Delenda est excellentia

Cualquier iniciativa de primar el mérito debe ser anatematizada en nombre de la dictadura de los mediocres

Día 09/04/2011

EL culto a la mediocridad es una vieja tradición española que ha dado lugar a una carencia histórica de élites con proyección y pujanza. Los países que pisan fuerte en el mundo han procurado siempre dotarse de una clase dirigente formada para ejercer el liderazgo social, empresarial y político, y lo han hecho a través de instituciones docentes de alto nivel capaces de establecer una rigurosa selección de excelencia. Sea mediante el sistema privado anglosajón —la Ivy League americana, los collegesbritánicos— o el modelo público de la ENA francesa, las naciones avanzadas han forjado su hegemonía en el intangible del conocimiento, mientras España perdía siglo y medio en un marasmo de vulgaridad que enterró el sueño regeneracionista del krausismo y de Costa, que fueron los primeros en apostar —en vano—por una vanguardia intelectual que tirase del carro del progreso. La cascada de leyes educativas y planes de estudio de los últimos treinta o cuarenta años testimonia el fracaso de nuestra orientación pedagógica, que ha alcanzado con la Logse la apoteosis de la medianía: un régimen escolar que fija el rasero en el escalón más bajo del aprendizaje y penaliza o desprecia la competitividad y el mérito.

Ese espíritu anodino que identifica los valores democráticos con la vulgaridad multitudinaria ha estallado en la reacción de la izquierda oficial contra la iniciativa de Esperanza Aguirre de crear institutos-piloto para que los alumnos más brillantes y de mejores notas no sufran la rémora de una bajísima media obligatoria. Delenda est excellentia; todo intento de destacar debe ser anatematizado en nombre de la dictadura de los mediocres, disfrazada de igualitarismo. El dicterio de la segregación y el apartheidha caído de inmediato sobre un proyecto que si algo puede lograr es que la instrucción pública compita con la privada en la formación de élites. Pero nuestro progresismo de salón prefiere perpetuar el privilegio de la educación selectiva en carísimos centros particulares mientras condena la enseñanza oficial al estatus de una escuela para pobres. Huelga decir en qué colegios estudian los hijos de esa sedicente izquierda ilustrada; la solidaridad es estupenda cuando se aplica sobre los derechos de los demás.

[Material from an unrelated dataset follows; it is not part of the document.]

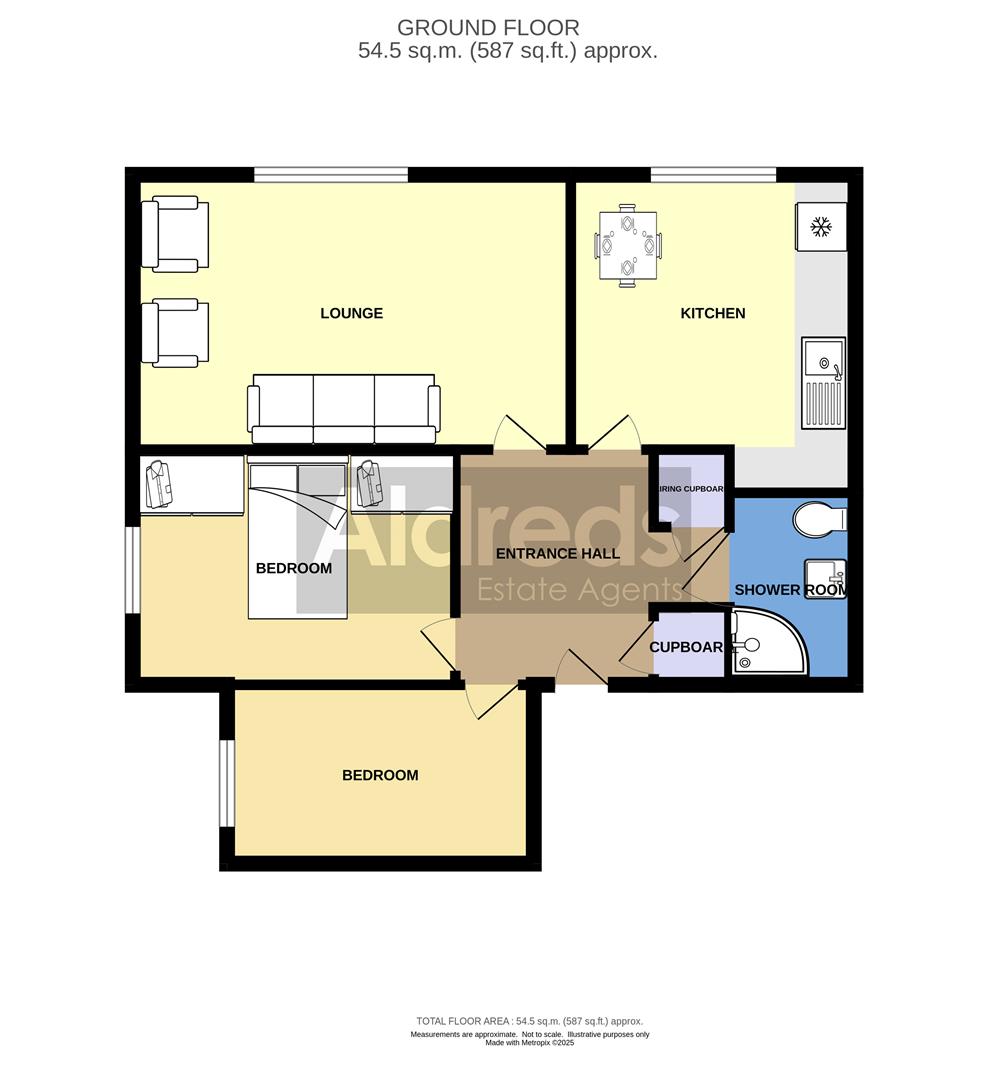 3, Trafalgar Court, Great Yarmouth floorplan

La idea de Aguirre saldrá bien o mal según la eficacia con que se desarrolle; lo que no cabe es cuestionarla desde los principios de la justicia o del progreso porque la selección que se pretende es la del talento, no la de los recursos, y eso resulta tan justo como progresista. Se trata de darle una mejor oportunidad a los mejores, de recompensar y proyectar su esfuerzo en vez de cortarle las alas al deseo de perfeccionamiento y mejora. Eso es lo que ocurre en las aulas españolas sometidas al esquema logsiano: una rebaja sistemática del nivel medio que bajo la coartada de la integración empobrece la calidad y consagra el adocenamiento.